A wheel of \(28 \rm\,cm\).

**What is unknown?**

Number of times the given wheel must rotate to go \(352 \rm\,m\).

**Reasoning: **

The distance covered by the wheel in one revolution is equal to the circumference of the wheel. Now, to find out the number of times wheel should rotate, divide the total distance covered by the circumference of the wheel.

**Steps:**

Radius of wheel \(=\) \(28 \rm\,cm\)

Circumference of wheel

\[\begin{align} &= 2\pi r \\ &= 2 \times \frac{{22}}{7} \times 28\\ &= 2 \times 22 \times 4\\ &= 176\;\rm\,cm\end{align}\]

Total distance \(=\) \(352 \rm\,m\) \(= 35200 \rm\,cm\)

No of times wheel should rotate

\[\begin{align} &= \frac{\text{Total distance covered by wheel}}{\text{Circumference of the wheel}}\\&= \frac{{35200}}{{176}}\\&= 200\end{align}\]

Therefore, wheel must rotate \(200\) times to go \(352 \rm\,m\).

## Chapter 11 Ex.11.3 Question 17

The minute hand of a circular clock is \(15 \rm\,cm\) long.
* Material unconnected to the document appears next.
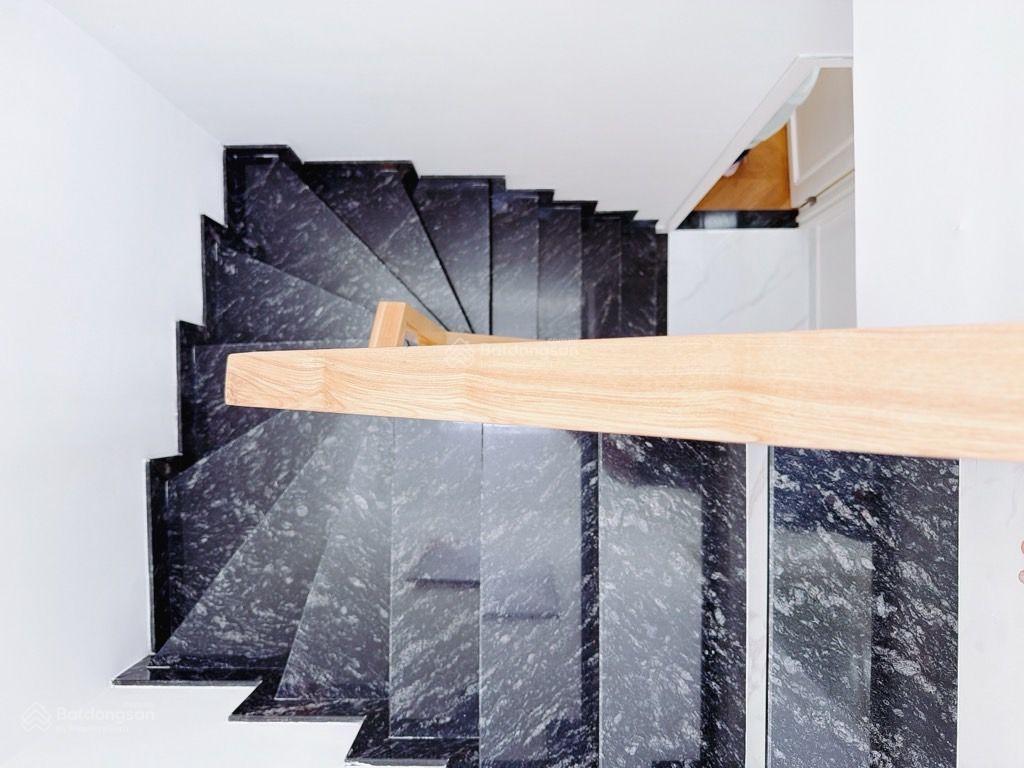 Hot! bán nhà riêng 5 tầng full nt tại phùng văn cung, phường 7, 7,65 tỷ, 31 m2 đã giảm sốc 300tr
How far does the tip of the minute hand move in \(1\) hour? (Take \(π = 3.14\))

**Solution**

**Video Solution**

**What is known?**

The minute hand of a circular clock is \(15 \rm\,cm\) long.

**What is unknown?**

Distance covered by tip of minute hand in \(1\) hour.

**Reasoning: **

In one hour, the minute hand completes one full circle. So, the distance covered by tip is equal to the circumference of the circle.

**Steps:**

Radius of the circle \((r) =\) \(15 \rm\,cm\)

Circumference of circular clock

\[\begin{align} &= 2\pi r \\ &= 2 \times 3.14 \times 15\\ &= {\rm{ }}94.2{\rm{ }}\rm\,cm\end{align}\]

Therefore, the tip of the minute hand moves \(94.2 \rm\,cm\) in \(1\) hour.